Но шанс есть – хотя и ничтожный. Два или даже один шанс из ста все же лучше, чем ничего. Я не надеюсь, что Мэтью полюбит меня снова, я только хочу, чтобы он помнил о моем существовании. Я прошу немного – когда мы гуляли в Голден Гейт Парке, он чуть не вывихнул себе лодыжку, стараясь не наступить на муравейник. Что ему стоит обратить в мою сторону хотя бы часть своей «любящей доброты»?

Столько непоследовательности, столько гнева и даже сарказма бок о бок с таким благоговением!
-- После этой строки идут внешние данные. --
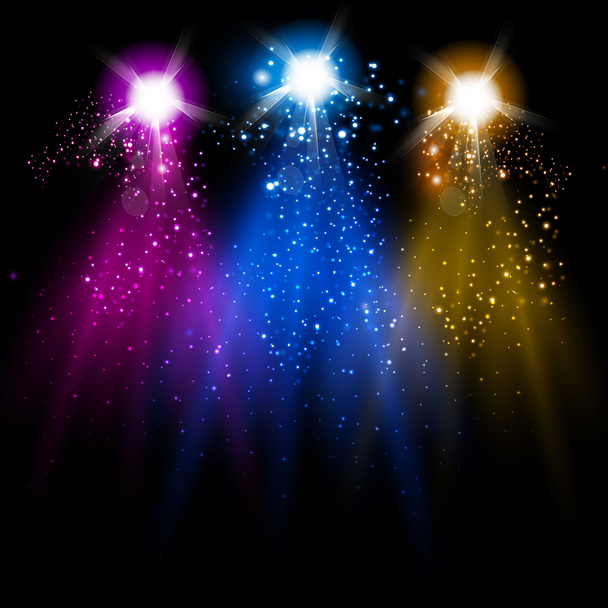 disco light and Sparkling you can easy editable - Vector, afbeelding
Хотя я постепенно начал входить в мир ее переживаний и привыкать к ее преувеличенным оценкам Мэтью, я был по-настоящему ошеломлен следующим ее замечанием:

– Если бы он звонил мне раз в год, разговаривал со мной хотя бы пять минут, спрашивал, как мои дела, демонстрировал свою заботу, то я была бы счастлива. Разве я требую слишком многого?
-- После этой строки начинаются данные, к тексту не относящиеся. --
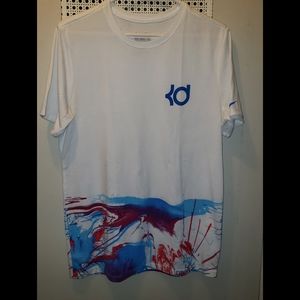 KD PAINT SPLATTER TEE NIKE MENS MEDIUM DRIFIT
Я ни разу не встречал человека, над которым другой имел бы такую же власть. Только представьте себе: она заявляла, что один пятиминутный телефонный разговор в год мог излечить ее! Интересно, правда ли это. Помню, я тогда подумал, что если все остальное не сработает, я готов попытаться осуществить этот эксперимент! Я понимал, что шансы на успех терапии в этом случае невелики: самообман Тельмы, ее недостаток психологической осознанности и сопротивление интроспекции, суицидальные наклонности – все говорило мне: «Будь осторожен!»